Mixing historical figures with fictitious ones is nothing new, but all come to life through Boecker’s pen. Cecil is cold-blooded and dedicated, showing no remorse for the deaths he causes, even those of his own men, as in Marlowe’s murder. Shakespeare is at the same time a talented but conceited writer, changing lines even as the players speak them, and a harried stage manager, hustling characters on and off stage. Assigning authorship of Twelfth Night to Toby is a clever way of pointing up the long-standing question of authorship of some of the Bard’s plays.

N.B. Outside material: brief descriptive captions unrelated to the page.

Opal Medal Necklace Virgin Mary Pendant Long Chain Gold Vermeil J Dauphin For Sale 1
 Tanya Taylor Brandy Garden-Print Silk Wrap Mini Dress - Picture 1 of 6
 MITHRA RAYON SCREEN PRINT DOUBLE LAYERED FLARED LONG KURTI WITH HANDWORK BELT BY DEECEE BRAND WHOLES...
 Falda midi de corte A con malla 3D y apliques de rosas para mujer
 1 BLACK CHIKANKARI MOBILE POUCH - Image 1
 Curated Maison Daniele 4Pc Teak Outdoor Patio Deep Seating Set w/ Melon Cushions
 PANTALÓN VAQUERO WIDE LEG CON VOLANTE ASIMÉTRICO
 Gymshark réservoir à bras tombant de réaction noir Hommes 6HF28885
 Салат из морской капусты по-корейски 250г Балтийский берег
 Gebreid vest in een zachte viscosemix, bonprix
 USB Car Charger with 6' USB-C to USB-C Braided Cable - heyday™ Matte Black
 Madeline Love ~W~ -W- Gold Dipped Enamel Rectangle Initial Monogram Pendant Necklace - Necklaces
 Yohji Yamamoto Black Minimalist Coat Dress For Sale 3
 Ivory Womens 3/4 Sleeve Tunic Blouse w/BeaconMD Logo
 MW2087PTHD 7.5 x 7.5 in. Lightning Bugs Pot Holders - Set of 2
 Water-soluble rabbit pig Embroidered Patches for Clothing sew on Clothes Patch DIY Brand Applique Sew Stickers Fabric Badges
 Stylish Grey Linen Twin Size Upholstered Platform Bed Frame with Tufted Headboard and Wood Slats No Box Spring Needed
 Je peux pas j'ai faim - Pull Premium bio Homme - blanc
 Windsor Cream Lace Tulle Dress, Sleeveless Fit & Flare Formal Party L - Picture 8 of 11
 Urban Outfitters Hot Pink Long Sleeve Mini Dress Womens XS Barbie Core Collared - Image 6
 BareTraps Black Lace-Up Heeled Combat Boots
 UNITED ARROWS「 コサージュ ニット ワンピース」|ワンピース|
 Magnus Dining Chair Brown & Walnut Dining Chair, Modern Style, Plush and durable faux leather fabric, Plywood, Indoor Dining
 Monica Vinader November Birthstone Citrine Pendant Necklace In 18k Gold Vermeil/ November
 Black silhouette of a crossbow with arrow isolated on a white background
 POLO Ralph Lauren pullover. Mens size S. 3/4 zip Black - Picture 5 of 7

The tale is told from both Katherine’s and Toby’s point of view and the reader is cautioned to be observant and watch the chapter headings carefully to determine which character is speaking. This type of narrative gives the story a more emotional impact than an omniscient telling would.
There will be delight in Katherine’s freedom pretending to be a boy, her hope that Toby can love the person she is and not merely her gender, and her despair when love gets in the way of a mission she was prepared to give her life to complete.
Toby is just as three-dimensional a character. Wishing to free himself of Cecil’s grasp, he plans to disappear as soon as the current plot is uncovered. His anguish as he discovers Katherine’s deception and his struggle to do what he should as opposed to what he wants, will wring the reader’s heart.
If there’s one flaw in this otherwise beautifully written story, it’s the irritating use of first person present in the narration.
This reviewer would have liked to read this novel in one sitting. Unfortunately, its length precludes doing so. Any reader hardy enough to try—and most will want to, spurred on after finishing the Prologue—be warned: Prepare for a sleepless night. Anyone picking up this novel won’t wish to put it down until he’s read every word . . . all 384 pages of them.